*** Opening Study material ***
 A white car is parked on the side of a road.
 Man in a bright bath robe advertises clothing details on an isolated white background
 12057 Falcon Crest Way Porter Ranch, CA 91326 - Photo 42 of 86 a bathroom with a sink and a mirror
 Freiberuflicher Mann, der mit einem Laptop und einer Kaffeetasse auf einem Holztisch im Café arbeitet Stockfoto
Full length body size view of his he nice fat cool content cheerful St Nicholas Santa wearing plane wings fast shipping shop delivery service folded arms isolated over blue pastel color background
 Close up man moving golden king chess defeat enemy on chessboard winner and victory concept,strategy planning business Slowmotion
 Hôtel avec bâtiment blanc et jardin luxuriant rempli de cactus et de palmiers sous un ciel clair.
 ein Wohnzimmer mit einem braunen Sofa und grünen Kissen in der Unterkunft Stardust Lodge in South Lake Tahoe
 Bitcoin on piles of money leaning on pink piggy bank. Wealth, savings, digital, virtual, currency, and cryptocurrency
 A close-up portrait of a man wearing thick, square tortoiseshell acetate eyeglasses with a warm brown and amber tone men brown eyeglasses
*** Closing Study material ***
*** Opening Study material ***
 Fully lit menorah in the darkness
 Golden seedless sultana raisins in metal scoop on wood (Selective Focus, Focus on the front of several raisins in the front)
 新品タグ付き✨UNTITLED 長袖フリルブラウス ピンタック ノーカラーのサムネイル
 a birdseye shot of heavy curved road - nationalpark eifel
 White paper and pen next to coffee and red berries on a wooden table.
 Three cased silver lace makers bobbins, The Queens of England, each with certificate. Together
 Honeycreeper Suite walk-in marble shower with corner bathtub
*** Closing Study material ***
*** Opening Study material ***
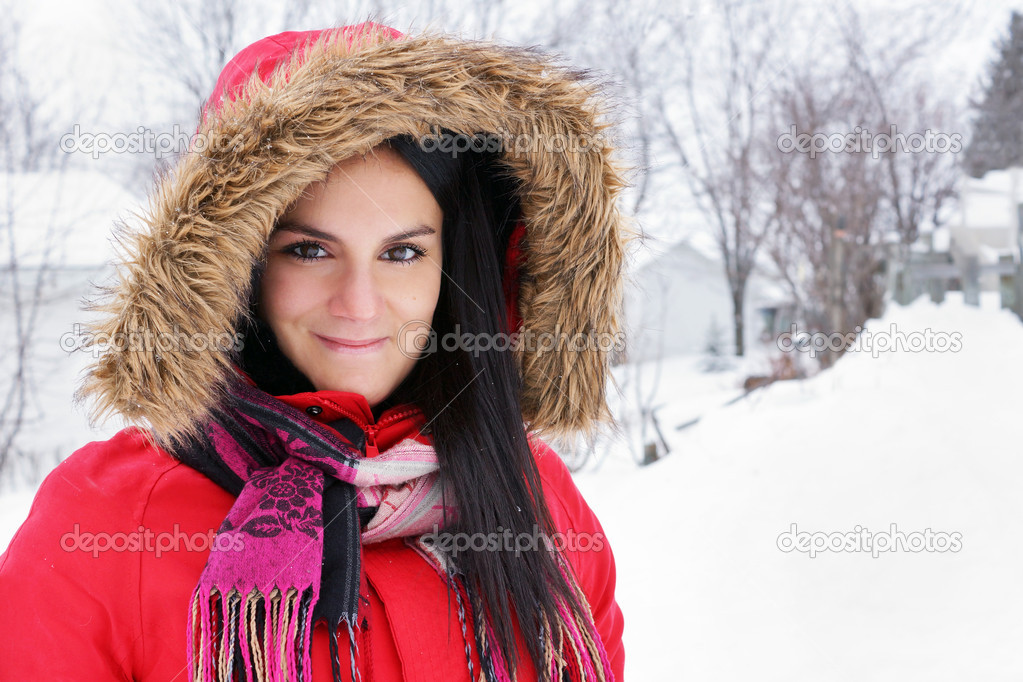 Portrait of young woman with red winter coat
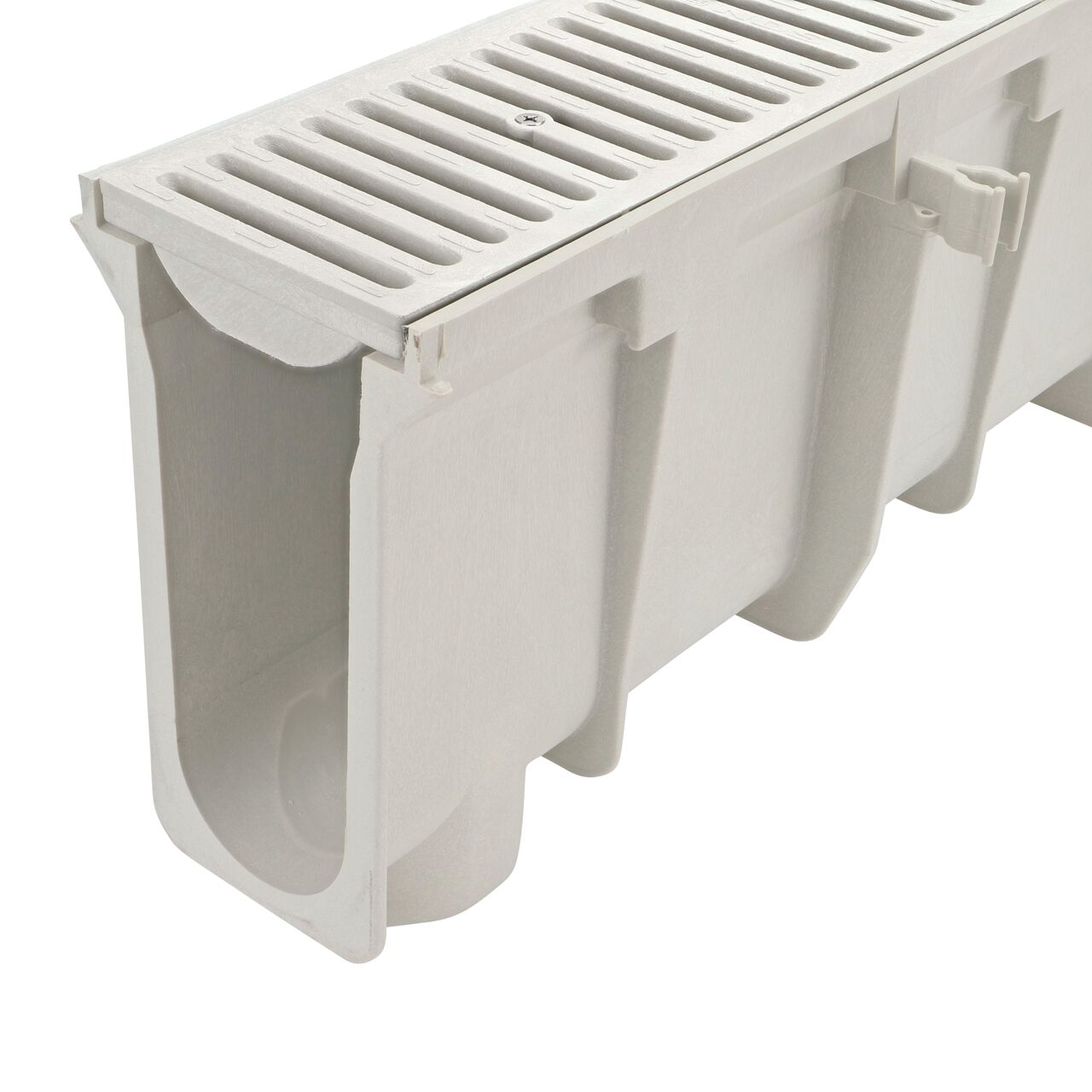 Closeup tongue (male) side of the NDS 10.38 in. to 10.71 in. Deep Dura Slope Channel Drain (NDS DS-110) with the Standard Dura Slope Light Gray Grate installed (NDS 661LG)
*** Closing Study material ***
# Assignment
All lines above from the line with "12057 Falcon Crest" through the line with "Full length body", both included, are to be set down exactly, with nothing else.

# Expected answer
 12057 Falcon Crest Way Porter Ranch, CA 91326 - Photo 42 of 86 a bathroom with a sink and a mirror
 Freiberuflicher Mann, der mit einem Laptop und einer Kaffeetasse auf einem Holztisch im Café arbeitet Stockfoto
Full length body size view of his he nice fat cool content cheerful St Nicholas Santa wearing plane wings fast shipping shop delivery service folded arms isolated over blue pastel color background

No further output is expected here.